Authors: Jerome A. Cohen, Adjunct Senior Fellow for Asia Studies, and Eva Pils, Chinese University of Hong Kong Faculty of Law
December 4, 2009
Far Eastern Economic Review


Having contributed several essays on the development of China's judiciary to the FAR EASTERN ECONOMIC REVIEW over the last five years, it is sobering to look back on the fate of those individuals whose plight we discussed. The sufferings of these activists tell us much about the lack of progress to establish the rule of law.

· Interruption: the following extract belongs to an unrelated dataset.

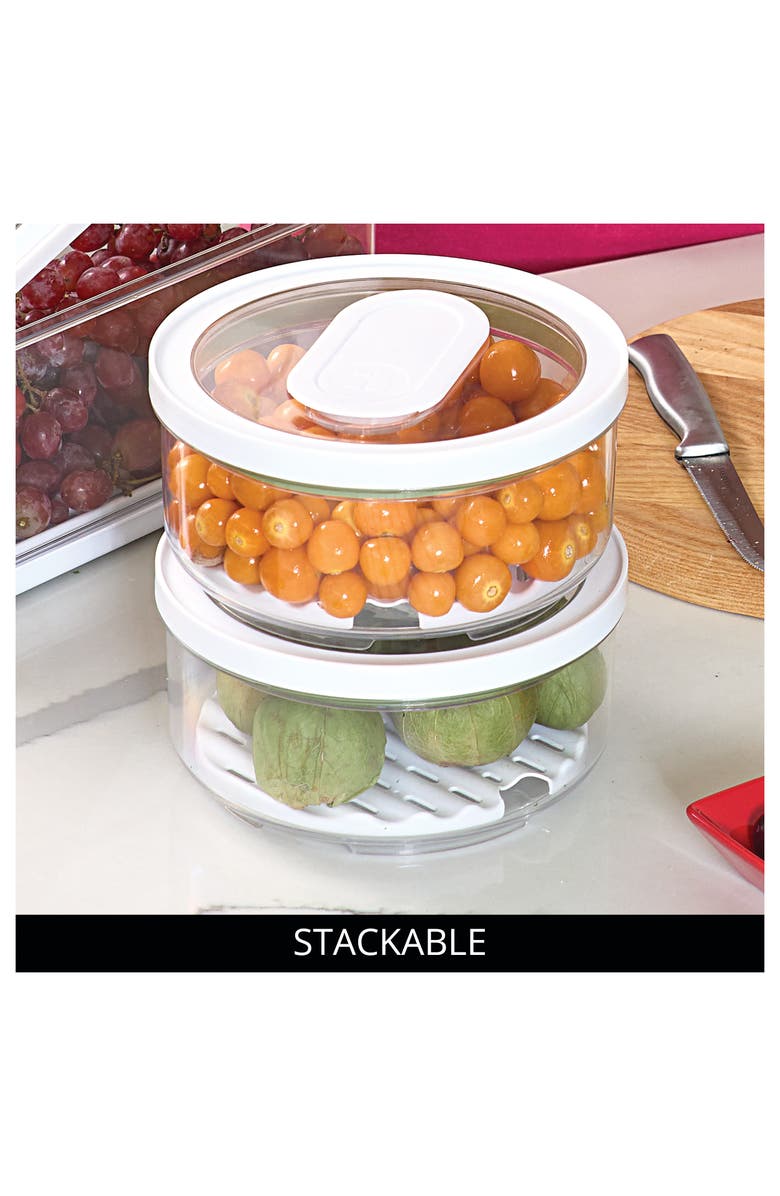 iDesign Round Produce Bin with Drainage Tray and Lid - Set of 4 - Clear, Alternate, color,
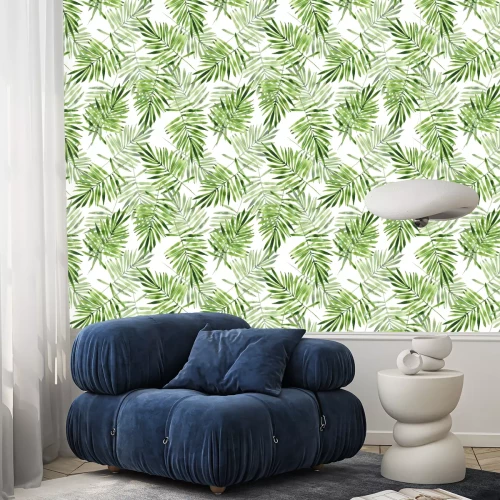 Tapete Palmenblätter. Aquarell nahtlose Muster 2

Chen Guangcheng - This blind lay advocate's only ambition had been to help the weakest and neediest among his fellow rural residents to protect themselves against extortion and cruelty. A dirt-poor farmer's child, he campaigned to expose massive official abuses against the families of women who fled forced abortion and sterilization and against those who resisted unlawful "taxes." These activities incurred the wrath of local government and, it became increasingly clear, the central authorities (see Jerome Cohen's November 2005 essay for the review, "China Trips Up Its Barefoot Lawyers").

Just prior to his arrest, Mr. Chen participated in an online fasting campaign for human rights initiated by fellow activists Hu Jia, Gao Zhisheng and others, writing that he did this "to oppose thuggish behavior toward human rights defenders" and "to protect the dignity of the law and resist the brutality of local government."